-- TASK PROMPT --
Look through the entries. Copy each line that has the word "Apartamento".

Recorded data:
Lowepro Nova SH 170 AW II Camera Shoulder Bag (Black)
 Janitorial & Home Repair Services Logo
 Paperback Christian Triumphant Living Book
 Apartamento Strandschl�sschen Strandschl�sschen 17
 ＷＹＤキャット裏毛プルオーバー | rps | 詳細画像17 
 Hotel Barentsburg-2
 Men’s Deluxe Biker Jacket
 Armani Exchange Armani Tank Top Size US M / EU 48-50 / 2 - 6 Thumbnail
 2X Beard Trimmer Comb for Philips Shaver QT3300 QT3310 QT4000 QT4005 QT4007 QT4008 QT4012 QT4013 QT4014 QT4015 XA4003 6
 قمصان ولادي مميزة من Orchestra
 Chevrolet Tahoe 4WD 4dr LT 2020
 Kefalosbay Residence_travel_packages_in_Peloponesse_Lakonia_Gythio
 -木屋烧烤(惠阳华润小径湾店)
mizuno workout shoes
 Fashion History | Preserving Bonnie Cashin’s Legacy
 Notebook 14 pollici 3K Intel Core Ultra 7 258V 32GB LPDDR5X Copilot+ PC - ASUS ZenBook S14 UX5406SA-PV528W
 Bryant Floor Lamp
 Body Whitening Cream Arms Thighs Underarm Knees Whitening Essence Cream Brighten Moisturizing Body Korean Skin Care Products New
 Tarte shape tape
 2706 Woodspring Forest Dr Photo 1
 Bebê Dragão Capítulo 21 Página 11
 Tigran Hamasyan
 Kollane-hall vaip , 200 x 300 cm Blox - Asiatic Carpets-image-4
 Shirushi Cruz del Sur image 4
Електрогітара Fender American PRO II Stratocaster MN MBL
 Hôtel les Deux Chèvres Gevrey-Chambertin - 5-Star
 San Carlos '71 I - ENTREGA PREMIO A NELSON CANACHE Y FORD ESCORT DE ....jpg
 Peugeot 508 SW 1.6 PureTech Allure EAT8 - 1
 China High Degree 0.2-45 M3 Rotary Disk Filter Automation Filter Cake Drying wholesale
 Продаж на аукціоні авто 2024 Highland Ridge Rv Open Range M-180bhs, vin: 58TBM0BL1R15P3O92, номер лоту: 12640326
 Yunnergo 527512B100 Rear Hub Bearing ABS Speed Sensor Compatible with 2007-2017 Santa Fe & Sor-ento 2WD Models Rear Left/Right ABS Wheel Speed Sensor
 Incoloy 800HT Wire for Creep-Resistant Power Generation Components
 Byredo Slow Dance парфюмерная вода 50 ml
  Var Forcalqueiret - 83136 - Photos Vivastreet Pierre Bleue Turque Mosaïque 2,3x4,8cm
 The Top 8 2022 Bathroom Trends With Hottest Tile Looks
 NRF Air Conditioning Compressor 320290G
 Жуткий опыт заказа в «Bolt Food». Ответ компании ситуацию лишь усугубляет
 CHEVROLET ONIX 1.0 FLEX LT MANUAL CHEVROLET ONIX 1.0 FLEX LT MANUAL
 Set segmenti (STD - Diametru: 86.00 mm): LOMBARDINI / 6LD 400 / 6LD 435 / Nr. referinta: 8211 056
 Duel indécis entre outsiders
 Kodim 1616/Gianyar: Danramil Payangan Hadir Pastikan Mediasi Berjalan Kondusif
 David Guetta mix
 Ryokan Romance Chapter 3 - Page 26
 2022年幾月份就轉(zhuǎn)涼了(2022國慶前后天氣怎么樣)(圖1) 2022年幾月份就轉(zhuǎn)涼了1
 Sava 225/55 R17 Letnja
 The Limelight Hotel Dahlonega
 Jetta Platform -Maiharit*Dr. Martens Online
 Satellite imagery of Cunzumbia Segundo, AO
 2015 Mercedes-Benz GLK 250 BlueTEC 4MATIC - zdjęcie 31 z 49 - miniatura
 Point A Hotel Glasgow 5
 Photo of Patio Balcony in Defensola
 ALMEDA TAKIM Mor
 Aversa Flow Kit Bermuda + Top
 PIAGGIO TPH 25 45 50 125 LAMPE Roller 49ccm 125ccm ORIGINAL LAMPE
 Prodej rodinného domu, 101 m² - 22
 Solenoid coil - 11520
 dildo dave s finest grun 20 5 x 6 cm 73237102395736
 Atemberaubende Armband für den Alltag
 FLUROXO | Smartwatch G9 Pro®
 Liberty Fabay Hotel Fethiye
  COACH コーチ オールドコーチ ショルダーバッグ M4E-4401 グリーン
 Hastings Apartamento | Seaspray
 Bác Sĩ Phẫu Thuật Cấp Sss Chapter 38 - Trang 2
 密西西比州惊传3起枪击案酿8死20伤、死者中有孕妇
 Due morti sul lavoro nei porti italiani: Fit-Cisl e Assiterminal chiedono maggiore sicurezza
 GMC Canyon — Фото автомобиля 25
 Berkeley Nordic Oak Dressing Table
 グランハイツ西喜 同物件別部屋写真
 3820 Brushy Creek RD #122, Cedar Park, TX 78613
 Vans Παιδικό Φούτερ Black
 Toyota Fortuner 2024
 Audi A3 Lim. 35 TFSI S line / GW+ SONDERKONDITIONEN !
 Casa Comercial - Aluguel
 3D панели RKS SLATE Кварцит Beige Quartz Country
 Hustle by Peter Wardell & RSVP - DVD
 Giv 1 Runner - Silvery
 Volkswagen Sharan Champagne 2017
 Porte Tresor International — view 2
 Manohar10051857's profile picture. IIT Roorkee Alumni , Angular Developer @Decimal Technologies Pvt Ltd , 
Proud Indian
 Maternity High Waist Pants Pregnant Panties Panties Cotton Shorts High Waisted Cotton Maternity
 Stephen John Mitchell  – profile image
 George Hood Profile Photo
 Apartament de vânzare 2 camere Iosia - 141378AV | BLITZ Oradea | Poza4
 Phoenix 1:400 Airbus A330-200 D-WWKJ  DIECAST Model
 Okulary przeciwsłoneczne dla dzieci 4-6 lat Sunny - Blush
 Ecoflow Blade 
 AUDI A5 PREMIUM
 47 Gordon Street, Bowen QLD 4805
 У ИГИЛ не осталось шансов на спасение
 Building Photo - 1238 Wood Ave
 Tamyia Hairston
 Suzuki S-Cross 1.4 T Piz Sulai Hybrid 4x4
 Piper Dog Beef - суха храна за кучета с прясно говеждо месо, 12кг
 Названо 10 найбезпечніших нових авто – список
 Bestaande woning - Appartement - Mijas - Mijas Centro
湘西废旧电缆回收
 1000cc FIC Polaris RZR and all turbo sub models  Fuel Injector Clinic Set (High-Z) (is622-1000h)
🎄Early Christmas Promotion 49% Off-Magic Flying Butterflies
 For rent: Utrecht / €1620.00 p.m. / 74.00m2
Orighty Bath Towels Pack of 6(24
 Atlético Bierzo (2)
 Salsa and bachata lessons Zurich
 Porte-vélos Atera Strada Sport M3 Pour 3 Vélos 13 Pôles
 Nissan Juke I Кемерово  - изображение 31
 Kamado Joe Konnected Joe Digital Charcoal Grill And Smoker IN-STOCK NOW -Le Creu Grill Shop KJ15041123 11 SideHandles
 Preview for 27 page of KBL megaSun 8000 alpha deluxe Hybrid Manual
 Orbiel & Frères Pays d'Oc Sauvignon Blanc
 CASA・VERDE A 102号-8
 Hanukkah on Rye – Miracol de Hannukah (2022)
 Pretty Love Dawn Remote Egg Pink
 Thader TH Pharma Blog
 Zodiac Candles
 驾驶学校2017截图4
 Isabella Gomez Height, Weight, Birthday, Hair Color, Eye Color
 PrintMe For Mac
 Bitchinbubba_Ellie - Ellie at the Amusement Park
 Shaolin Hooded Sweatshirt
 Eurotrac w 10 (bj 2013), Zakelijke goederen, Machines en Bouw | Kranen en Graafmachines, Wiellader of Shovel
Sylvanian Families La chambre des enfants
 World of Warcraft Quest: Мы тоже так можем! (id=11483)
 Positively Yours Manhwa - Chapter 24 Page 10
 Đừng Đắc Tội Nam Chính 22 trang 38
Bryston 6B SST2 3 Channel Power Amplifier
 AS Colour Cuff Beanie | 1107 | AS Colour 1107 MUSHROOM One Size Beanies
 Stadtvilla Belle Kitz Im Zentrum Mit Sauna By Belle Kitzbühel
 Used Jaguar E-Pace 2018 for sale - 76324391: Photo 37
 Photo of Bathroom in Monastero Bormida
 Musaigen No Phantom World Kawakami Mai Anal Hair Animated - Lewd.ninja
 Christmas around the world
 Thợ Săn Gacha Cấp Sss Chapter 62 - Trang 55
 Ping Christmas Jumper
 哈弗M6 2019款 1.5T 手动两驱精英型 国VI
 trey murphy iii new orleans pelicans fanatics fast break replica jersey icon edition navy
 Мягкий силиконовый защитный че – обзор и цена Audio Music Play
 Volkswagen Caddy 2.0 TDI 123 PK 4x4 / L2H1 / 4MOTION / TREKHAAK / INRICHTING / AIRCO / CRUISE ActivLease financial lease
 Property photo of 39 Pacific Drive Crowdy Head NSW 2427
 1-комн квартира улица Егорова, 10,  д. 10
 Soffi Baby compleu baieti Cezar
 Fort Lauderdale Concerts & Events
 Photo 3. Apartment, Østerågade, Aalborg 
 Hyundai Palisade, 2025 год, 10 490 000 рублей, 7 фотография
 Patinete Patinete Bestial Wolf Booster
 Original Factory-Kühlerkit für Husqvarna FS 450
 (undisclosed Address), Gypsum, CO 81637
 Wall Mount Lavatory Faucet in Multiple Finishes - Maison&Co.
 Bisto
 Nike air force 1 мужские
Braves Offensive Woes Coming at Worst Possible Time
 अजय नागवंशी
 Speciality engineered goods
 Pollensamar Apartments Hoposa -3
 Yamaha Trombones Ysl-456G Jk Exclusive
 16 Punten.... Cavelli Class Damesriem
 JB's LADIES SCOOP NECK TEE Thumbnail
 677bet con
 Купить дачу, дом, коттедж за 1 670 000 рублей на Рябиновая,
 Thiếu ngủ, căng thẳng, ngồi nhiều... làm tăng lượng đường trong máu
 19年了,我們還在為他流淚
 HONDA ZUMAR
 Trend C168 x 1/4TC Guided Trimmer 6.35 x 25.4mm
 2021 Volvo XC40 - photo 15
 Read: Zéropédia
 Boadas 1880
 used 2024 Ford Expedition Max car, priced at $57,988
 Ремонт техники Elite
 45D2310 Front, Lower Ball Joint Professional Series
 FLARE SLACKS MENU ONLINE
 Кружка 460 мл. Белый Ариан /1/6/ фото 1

-- ANSWER SECTION --
 Apartamento Strandschl�sschen Strandschl�sschen 17
 Hastings Apartamento | Seaspray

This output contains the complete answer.